• Traitements

  • Combinaison de traitements localisés et systémiques

  • Poumon

Progression-Free-Survival and Overall Survival beyond 5 years of non-small cell lung cancer patients with synchronous oligometastases treated in a prospective phase II trial (NCT 01282450)

Mené sur 39 patients atteints d'un cancer du poumon non à petites cellules de stade IV avec moins de 5 oligométastases synchrones au diagnostic (âge moyen : 62,1 ans), cet essai de phase II évalue, du point de vue de la survie sans progression et de la survie globale à 1, 2, 3, 5 et 6 ans, l'intérêt d'ajouter à une chimiothérapie systémique un traitement chirurgical ou une radiothérapie ciblant la tumeur primitive et les métastases distantes

Background : Two randomized studies demonstrated an increased progression-free survival (PFS) by adding a radical local treatment to systemic therapy in responding patients with oligometastatic non-small cell lung cancer (NSCLC), but long-term data are lacking. We updated the results of our previous phase II trial with a minimal follow-up exceeding 7 years. Methods : Prospective single-arm phase II trial. The main inclusion criteria were pathologically proven NSCLC stage IV with less than five metastases at primary diagnosis, amendable for radical local treatment (surgery or radiotherapy). No previous response to systemic treatment was needed. Results : Forty patients were enrolled, 39 of whom were evaluable (18 men, 21 women); mean age was 62.1 ± 9.2 years (range, 44-81). Twenty-nine (74%) had N2 or N3 disease; 17 (44%) brain, seven (18%) bone, and four (10%) adrenal gland metastases. Thirty-five (87%) had a single metastatic lesion. Thirty-seven (95%) of the patients received chemotherapy as part of their primary treatment. Median overall survival (OS) was 13.5 months (95% CI 7.6-19.4); 1-, 2-, 3-, 5-, 6- year OS was 56.4%, 23.3%,12.8%, 10.3%, 7.7 % and 5.1%, respectively.
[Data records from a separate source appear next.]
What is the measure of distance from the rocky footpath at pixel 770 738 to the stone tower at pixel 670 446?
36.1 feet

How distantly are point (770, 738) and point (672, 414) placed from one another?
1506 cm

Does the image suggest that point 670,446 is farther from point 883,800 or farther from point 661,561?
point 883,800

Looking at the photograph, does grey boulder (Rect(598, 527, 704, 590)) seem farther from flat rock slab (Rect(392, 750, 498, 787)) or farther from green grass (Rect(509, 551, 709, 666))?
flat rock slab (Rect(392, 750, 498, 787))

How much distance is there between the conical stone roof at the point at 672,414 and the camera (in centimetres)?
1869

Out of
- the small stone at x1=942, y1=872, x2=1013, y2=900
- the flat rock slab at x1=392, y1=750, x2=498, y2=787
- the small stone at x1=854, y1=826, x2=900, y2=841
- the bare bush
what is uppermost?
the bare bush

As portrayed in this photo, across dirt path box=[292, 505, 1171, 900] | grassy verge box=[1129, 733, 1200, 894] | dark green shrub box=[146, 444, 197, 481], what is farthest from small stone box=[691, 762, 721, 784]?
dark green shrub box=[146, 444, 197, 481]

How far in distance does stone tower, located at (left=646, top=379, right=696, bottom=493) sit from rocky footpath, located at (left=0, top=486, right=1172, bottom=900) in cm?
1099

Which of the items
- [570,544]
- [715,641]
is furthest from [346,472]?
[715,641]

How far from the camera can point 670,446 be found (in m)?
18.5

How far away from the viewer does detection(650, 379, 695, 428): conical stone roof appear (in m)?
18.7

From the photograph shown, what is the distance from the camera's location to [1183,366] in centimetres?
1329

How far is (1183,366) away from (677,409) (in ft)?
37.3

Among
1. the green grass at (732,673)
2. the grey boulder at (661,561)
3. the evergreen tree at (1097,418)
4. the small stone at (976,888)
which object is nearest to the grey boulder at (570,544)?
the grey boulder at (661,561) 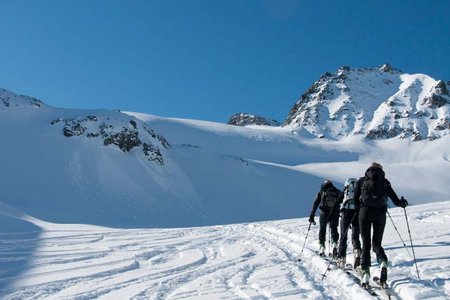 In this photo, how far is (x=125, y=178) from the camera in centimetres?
3416

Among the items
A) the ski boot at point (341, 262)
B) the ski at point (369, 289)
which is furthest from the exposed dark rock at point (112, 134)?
the ski at point (369, 289)

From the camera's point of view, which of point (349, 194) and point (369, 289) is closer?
point (369, 289)

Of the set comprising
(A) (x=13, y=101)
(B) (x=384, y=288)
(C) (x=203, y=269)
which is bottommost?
(B) (x=384, y=288)

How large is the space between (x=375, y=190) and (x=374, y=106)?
12264 centimetres

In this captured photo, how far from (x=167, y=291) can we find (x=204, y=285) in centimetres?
65

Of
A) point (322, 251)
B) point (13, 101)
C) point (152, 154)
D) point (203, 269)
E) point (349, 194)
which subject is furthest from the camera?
point (13, 101)

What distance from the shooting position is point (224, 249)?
37.5ft

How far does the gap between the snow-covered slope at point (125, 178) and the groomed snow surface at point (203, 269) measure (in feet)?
44.7

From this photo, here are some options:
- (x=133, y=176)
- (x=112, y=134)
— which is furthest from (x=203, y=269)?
(x=112, y=134)

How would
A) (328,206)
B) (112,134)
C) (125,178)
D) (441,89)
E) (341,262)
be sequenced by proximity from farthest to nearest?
(441,89) → (112,134) → (125,178) → (328,206) → (341,262)

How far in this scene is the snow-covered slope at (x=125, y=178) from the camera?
28812 mm

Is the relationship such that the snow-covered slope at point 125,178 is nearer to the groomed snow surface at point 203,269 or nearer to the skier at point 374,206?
the groomed snow surface at point 203,269

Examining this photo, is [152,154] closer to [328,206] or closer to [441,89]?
[328,206]

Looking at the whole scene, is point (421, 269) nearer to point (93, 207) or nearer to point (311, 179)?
point (93, 207) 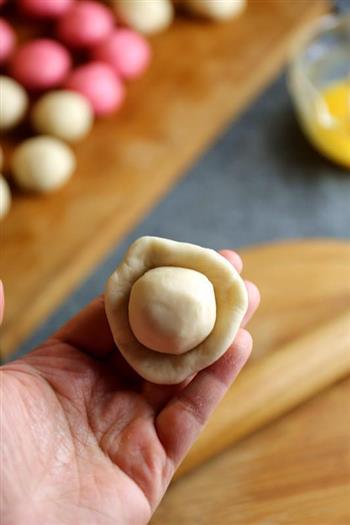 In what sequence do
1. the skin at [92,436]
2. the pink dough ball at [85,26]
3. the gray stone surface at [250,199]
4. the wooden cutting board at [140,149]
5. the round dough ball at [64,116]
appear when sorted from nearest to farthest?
the skin at [92,436] < the wooden cutting board at [140,149] < the round dough ball at [64,116] < the pink dough ball at [85,26] < the gray stone surface at [250,199]

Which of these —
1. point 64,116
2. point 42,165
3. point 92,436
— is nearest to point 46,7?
point 64,116

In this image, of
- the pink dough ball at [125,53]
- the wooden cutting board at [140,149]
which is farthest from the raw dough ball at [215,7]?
the pink dough ball at [125,53]

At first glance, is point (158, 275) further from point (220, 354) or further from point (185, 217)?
point (185, 217)

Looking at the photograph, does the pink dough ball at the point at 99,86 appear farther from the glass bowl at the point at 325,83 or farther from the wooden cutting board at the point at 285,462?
the wooden cutting board at the point at 285,462

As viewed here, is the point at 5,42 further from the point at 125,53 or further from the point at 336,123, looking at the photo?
the point at 336,123

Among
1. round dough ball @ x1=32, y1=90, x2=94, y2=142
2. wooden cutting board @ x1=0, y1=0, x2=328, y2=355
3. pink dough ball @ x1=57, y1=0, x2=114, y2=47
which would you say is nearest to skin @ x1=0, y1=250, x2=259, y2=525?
wooden cutting board @ x1=0, y1=0, x2=328, y2=355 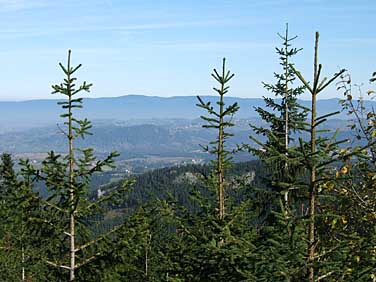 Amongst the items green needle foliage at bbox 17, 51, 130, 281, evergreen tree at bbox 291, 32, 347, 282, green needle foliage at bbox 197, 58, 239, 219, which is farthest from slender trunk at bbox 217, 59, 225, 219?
evergreen tree at bbox 291, 32, 347, 282

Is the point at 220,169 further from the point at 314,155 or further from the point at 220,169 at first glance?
the point at 314,155

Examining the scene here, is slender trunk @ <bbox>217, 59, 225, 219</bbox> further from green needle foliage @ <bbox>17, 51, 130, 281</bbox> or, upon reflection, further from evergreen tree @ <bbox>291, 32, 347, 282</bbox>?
evergreen tree @ <bbox>291, 32, 347, 282</bbox>

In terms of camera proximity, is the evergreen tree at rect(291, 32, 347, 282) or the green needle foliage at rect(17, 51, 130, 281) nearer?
the evergreen tree at rect(291, 32, 347, 282)

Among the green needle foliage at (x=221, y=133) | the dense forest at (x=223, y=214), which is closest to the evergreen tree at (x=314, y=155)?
the dense forest at (x=223, y=214)

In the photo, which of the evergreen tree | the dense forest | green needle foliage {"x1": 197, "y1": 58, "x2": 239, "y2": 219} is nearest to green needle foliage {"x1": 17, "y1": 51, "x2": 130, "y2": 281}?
the dense forest

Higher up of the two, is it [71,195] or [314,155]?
[314,155]

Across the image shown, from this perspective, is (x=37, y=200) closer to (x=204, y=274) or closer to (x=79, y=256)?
(x=79, y=256)

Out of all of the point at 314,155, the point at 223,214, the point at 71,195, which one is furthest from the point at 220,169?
the point at 314,155

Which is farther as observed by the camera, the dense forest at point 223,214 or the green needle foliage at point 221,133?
the green needle foliage at point 221,133

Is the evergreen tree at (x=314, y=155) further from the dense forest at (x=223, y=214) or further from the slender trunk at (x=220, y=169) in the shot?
the slender trunk at (x=220, y=169)

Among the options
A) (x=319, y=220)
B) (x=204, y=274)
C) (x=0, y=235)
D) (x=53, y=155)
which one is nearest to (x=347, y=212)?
(x=319, y=220)

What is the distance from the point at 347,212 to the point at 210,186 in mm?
4167

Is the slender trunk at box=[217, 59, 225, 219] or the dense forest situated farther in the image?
the slender trunk at box=[217, 59, 225, 219]

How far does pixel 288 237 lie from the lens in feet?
23.0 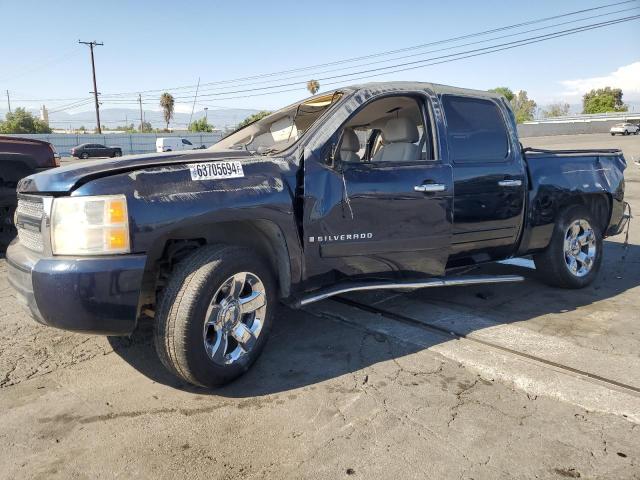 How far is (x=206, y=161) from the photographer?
3.18 m

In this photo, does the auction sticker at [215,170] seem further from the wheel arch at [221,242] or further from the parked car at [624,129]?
the parked car at [624,129]

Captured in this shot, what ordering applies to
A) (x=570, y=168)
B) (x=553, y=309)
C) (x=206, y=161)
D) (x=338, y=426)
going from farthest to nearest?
(x=570, y=168)
(x=553, y=309)
(x=206, y=161)
(x=338, y=426)

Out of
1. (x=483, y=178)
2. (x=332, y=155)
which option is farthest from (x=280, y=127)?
(x=483, y=178)

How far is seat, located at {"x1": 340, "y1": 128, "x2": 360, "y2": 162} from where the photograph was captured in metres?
4.14

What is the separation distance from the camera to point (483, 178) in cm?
426

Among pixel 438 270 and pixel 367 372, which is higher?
pixel 438 270

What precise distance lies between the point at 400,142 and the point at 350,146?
1.39 ft

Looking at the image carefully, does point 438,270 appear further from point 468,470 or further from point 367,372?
point 468,470

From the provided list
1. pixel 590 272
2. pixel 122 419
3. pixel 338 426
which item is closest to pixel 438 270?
pixel 338 426

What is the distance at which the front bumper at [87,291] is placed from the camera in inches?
104

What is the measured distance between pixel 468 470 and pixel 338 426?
694 mm

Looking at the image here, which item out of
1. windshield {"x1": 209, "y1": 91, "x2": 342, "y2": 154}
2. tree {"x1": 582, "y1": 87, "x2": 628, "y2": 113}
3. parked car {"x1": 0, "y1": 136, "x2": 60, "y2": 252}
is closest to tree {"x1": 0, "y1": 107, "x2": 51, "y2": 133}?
parked car {"x1": 0, "y1": 136, "x2": 60, "y2": 252}

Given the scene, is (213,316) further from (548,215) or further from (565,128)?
(565,128)

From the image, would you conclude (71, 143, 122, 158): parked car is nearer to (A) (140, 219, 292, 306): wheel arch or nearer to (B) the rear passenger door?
(B) the rear passenger door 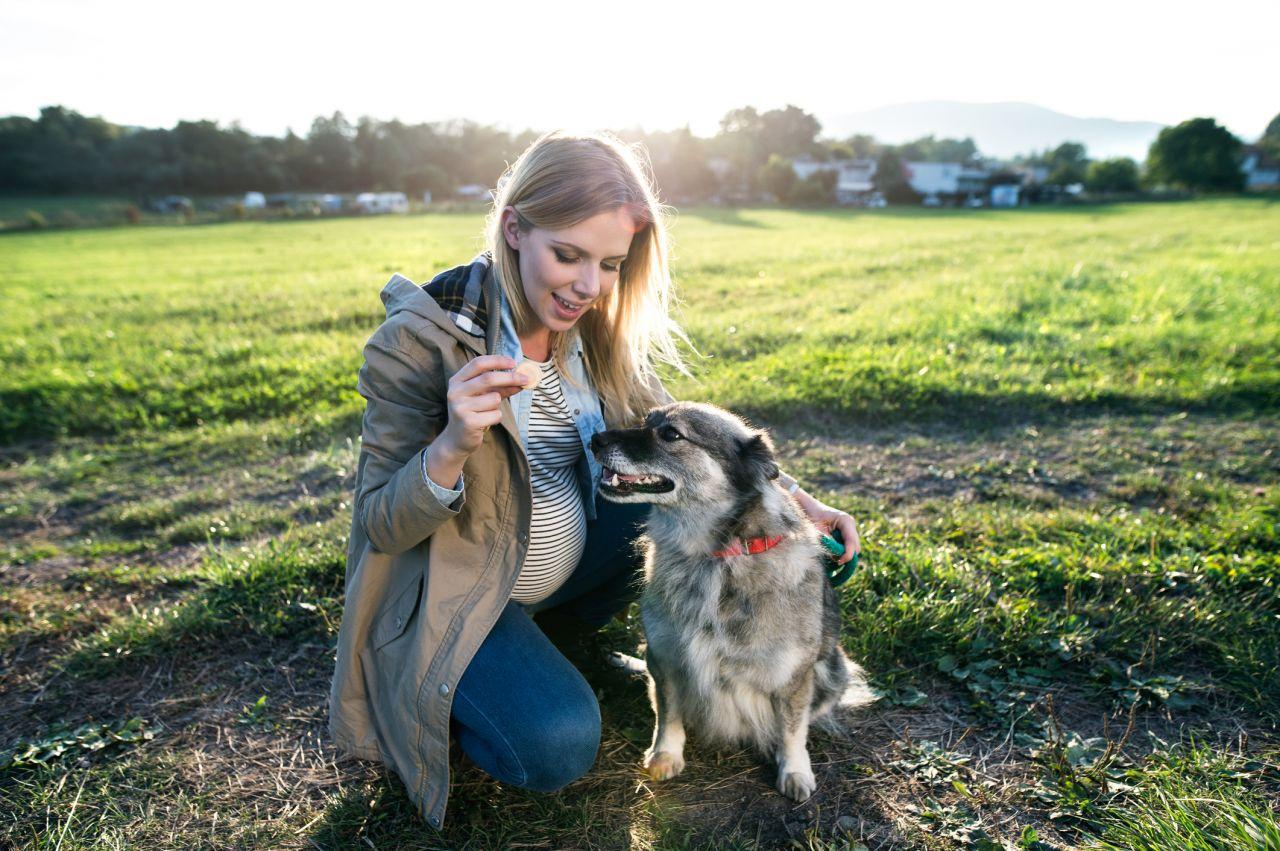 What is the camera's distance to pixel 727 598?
2.88 meters

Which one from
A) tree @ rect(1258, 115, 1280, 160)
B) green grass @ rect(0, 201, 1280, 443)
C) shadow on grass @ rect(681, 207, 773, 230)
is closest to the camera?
green grass @ rect(0, 201, 1280, 443)

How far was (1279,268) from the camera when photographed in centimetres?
1397

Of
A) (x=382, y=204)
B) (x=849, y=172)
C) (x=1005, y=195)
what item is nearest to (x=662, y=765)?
(x=382, y=204)

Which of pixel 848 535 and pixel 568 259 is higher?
pixel 568 259

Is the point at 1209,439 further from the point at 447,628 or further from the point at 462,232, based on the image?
the point at 462,232

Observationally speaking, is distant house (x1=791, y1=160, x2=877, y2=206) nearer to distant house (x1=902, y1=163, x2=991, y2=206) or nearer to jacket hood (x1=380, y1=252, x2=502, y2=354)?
distant house (x1=902, y1=163, x2=991, y2=206)

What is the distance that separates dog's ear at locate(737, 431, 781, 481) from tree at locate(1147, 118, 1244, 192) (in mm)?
88188

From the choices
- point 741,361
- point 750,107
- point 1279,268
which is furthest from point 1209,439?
point 750,107

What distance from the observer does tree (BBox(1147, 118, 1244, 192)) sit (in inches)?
2714

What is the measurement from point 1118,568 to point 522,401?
3458 mm

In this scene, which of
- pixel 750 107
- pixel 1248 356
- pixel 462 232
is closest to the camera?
pixel 1248 356

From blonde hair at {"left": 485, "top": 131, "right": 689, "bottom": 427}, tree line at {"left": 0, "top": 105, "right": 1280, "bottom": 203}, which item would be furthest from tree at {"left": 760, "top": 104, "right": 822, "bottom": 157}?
blonde hair at {"left": 485, "top": 131, "right": 689, "bottom": 427}

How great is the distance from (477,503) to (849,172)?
92630 millimetres

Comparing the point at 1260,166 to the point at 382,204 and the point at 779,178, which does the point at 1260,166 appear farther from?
the point at 382,204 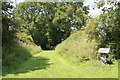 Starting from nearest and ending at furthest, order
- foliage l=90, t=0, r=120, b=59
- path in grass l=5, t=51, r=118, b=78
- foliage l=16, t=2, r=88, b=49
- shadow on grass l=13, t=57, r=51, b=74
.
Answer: path in grass l=5, t=51, r=118, b=78, shadow on grass l=13, t=57, r=51, b=74, foliage l=90, t=0, r=120, b=59, foliage l=16, t=2, r=88, b=49

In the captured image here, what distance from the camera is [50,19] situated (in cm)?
2542

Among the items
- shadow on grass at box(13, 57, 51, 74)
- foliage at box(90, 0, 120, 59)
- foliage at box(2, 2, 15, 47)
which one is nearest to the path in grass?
shadow on grass at box(13, 57, 51, 74)

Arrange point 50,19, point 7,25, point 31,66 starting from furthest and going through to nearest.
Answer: point 50,19, point 7,25, point 31,66

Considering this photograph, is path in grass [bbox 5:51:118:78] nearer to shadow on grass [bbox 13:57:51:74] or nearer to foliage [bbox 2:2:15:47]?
shadow on grass [bbox 13:57:51:74]

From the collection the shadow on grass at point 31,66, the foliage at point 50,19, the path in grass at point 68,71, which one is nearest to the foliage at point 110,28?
the path in grass at point 68,71

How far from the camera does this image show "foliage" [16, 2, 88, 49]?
24181 mm

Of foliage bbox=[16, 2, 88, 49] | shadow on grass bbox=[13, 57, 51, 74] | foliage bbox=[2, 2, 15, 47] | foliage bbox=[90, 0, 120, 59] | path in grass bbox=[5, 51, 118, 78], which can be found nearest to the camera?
path in grass bbox=[5, 51, 118, 78]

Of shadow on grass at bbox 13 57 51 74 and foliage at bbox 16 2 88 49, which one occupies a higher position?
foliage at bbox 16 2 88 49

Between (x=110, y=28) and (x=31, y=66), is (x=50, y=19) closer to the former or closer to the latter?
(x=110, y=28)

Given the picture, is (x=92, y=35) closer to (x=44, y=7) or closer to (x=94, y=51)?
(x=94, y=51)

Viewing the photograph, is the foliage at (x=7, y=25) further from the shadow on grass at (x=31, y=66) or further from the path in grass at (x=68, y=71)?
the path in grass at (x=68, y=71)

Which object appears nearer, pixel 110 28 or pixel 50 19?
pixel 110 28

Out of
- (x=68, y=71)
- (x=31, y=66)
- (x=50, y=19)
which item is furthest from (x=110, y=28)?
(x=50, y=19)

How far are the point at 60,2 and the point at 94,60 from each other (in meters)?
19.7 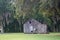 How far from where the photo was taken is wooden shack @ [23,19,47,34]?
276 inches

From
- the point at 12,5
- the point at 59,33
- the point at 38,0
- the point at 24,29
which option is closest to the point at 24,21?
the point at 24,29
Median progression-free survival (PFS) was 12.1 months (95% CI 9.6-14.3); 1-, 2-, 3-, 5-, 6- year OS was 51.3%, 13.6%, %,12.8%, 7.7%, 7.7 % and 2.5%, respectively. Only three patients (7.7%) had a local recurrence. Conclusions : In patients who were not selected according to response to systemic treatment, the PFS at 5 years was 8 %. Entering patients in trials combining local therapy with novel systemic agents (e.g. immunotherapy) remains mandatory.